Welcome to IM, and good luck! 



> Morning: 1/2 slowcook oatmeal + whey, coffee mixed with unsweetended cocoa powder and stevia
> Snack: 1/2 a green apple, 1 tbls almond butter, 4 egg whites
> Lunch: 4 oz grilled chicken, curry-spiced onions & sweet potato
> Snack: other 1/2 of green apple and 1 tbls almond butter, 4 egg whites
> Dinner: 4 oz grilled salmon with spinach & broccolli


Diet looks really good by the way, very clean. 

Are you going to be posting your training/diet on a daily basis?


----------



## brazeneye (Mar 17, 2005)

MonStar said:
			
		

> Welcome to IM, and good luck!
> 
> 
> Diet looks really good by the way, very clean.
> ...


_I really need help with that part.. All I do is this exercise videos; pilates, and one is using weights for my arms, shoulders and back, but I have no cardio or anything else..   _


----------



## LW83 (Mar 18, 2005)

brazeneye said:
			
		

> _I really need help with that part.. All I do is this exercise videos; pilates, and one is using weights for my arms, shoulders and back, but I have no cardio or anything else..   _




Most gym memberships include one free session with a personal trainer.


----------



## M.J.H. (Mar 18, 2005)

> I really need help with that part.. All I do is this exercise videos; pilates, and one is using weights for my arms, shoulders and back, but I have no cardio or anything else..


Yeah like Luke said, most gym memberships do include a free orientation where someone who works there will take you around each of the machines and show you what to do, etc.


----------



## LW83 (Mar 18, 2005)

MonStar said:
			
		

> Yeah like Luke said, most gym memberships do include a free orientation where someone who works there will take you around each of the machines and show you what to do, etc.

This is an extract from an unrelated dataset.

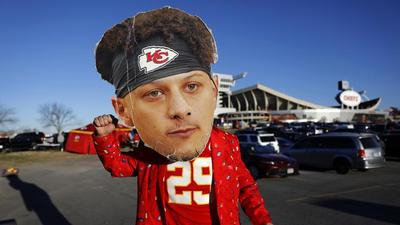 Jackson Mahomes Roasted By Kansas City Bar After Leaving Bad Review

Unfortunately, sometimes they don't always know what they're talking about   So feel free to ask all your questions here


----------



## brazeneye (Mar 18, 2005)

_I would love to join a gym right now, but I am in the process of moving/cutting back expenses, and I won't have access to a gym until mid-August_


----------



## The Monkey Man (Mar 18, 2005)

Will this be a university fitness center????

These are great, they usually have olympic-style, and powerlifting facilities.

I think you should try to gain as much muscle, as soon as you can...

(Don't worry about getting too huge) (It's not that easy)

This will assist you to greatly reduce any fat gains.

You appear young... Combatting the bulge is much harder as you age. (I know)

Try to hit the gym ASAP, your youth and increased hormone levels will make your job easier than it will be in say "Five?" years.


----------



## LW83 (Mar 18, 2005)

brazeneye said:
			
		

> _I would love to join a gym right now, but I am in the process of moving/cutting back expenses, and I won't have access to a gym until mid-August_




I have a set of powerblocks I can sell ya cheap   You can do alot at home.


----------



## The Monkey Man (Mar 18, 2005)

Ship them up to BC 4 her!


----------



## brazeneye (Mar 18, 2005)

The Monkey Man said:
			
		

> Will this be a university fitness center????
> 
> These are great, they usually have olympic-style, and powerlifting facilities.
> 
> ...


_it will be a university gym that I will be going to, and I am 21_


----------



## Velvet (Mar 18, 2005)

RoCk79 said:
			
		

> Welcome, and good luck.  Perfect time to start, the day after you turn 21.  Thats gona be hard.  LOL



She's Canadian Rock,   She's been able to drink for 3 years 

Welcome Brazen


----------



## LW83 (Mar 18, 2005)

The Monkey Man said:
			
		

> Ship them up to BC 4 her!




If I sold them at $5, maybe after shipping cost they would still be under retail


----------



## brazeneye (Mar 18, 2005)

Velvet said:
			
		

> She's Canadian Rock,   She's been able to drink for 3 years
> 
> Welcome Brazen


_I've already had my fun with booze, now I have cut it completely and haven't had anything since I was 19 _


----------



## brazeneye (Mar 18, 2005)

LW83 said:
			
		

> I have a set of powerblocks I can sell ya cheap   You can do alot at home.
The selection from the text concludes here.